The world’s largest manufacturer of wind turbines, Vestas Wind Systems, announced record first-half orders last week as profits exceeded analyst estimates. European wind turbine manufacturers including Nordex and Gamesa, are riding a surge in orders on the back of government efforts to reign in carbon emissions and favourable policies for clean energy. The final ruling of the US Clean Power Plan, released August 3, “rewards US states for fossil fuel retirements and renewable build occurring after 2012,” and is discussed by Bloomberg New Energy Finance
Gamesa has seen its shares climb 90% this year, followed closely by Vestas and Nordex. Wind projects, among the cheapest form of renewable energy, will jump by a quarter in 2015 to a record 60GW, forecasts BNEF.
The UK government is being especially favourable to offshore wind in a bid to reign in the country’s carbon emissions, as it turns its back on onshore wind turbines, often objectionable to the public. A $425 million offshore wind transmission link from the 389 MW Duddon Sands wind farm in the Irish Sea was granted approval by the UK energy regulator last week – licensing Macquarie Corp. Holdings and 3i Infrastructure to own and operate the asset.
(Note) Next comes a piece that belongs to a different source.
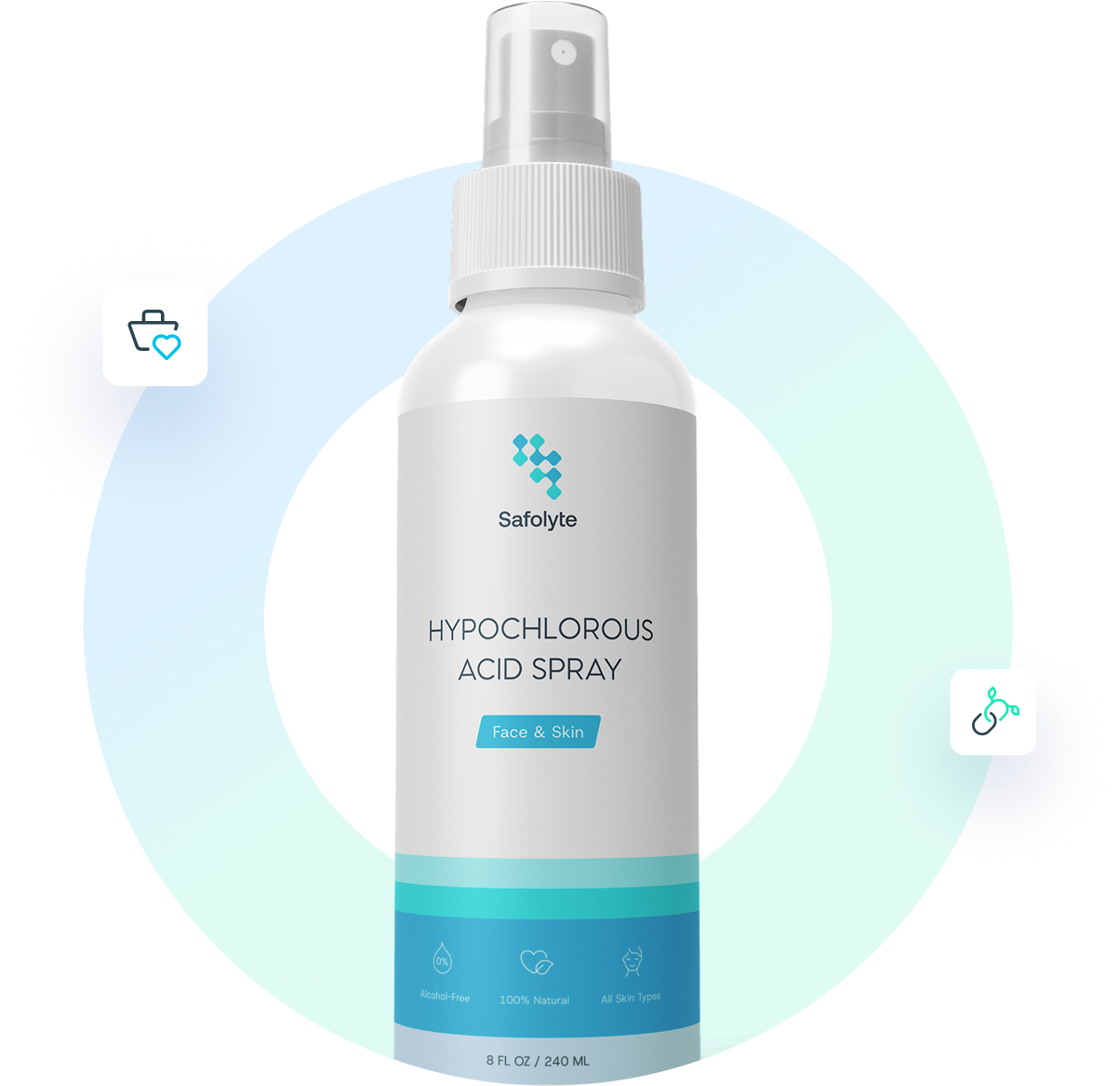 Safolyte Hypochlorous Acid Spray bottle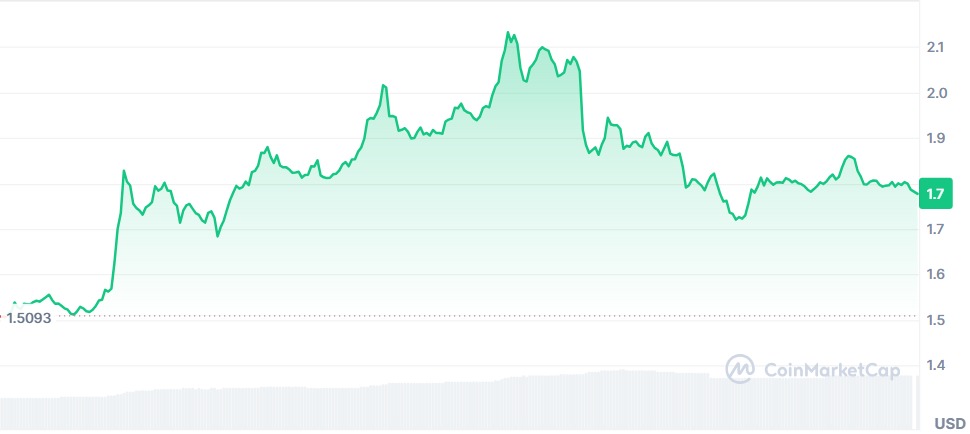 Gráfico WLD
Following generous European subsidies to prove its technical viability, the offshore wind industry must now cut costs so that the sector can compete autonomously, according to the research note Route to offshore wind 2020 LCOE target, published by BNEF. “We estimate the current benchmark levelised cost of offshore wind at $176/MWh”, BNEF analysts wrote in the note. The analysts forecast 18.1% cost reductions by 2020, if factors including development costs, operations and maintenance and financing all contribute.
Elsewhere in Europe, MHI Vestas Offshore Wind won a conditional 450 MW turbine order for Dong Energy’s Borkum Riffgrund II project in the seas off Germany.
Wind developers are also showing greater confidence in Brazil – selling six times as much power through an energy auction last Friday as they did in a similar auction in April. This time round, contracts were won to sell power from 538.8 MW of wind farms for an average price of $51.90 per MWh.
Institutions such as the International Finance Corp. and Asia Development Bank are backing wind projects in locations where the industry is more fledgling. These two institutions are backing Indo Wind Power Holdings’ $140m project in Indonesia’s Sulawesi province that will total 63MW. On the African continent, Gulf Energy of Kenya signed an accord with Meru county to build a 100 MW wind plant.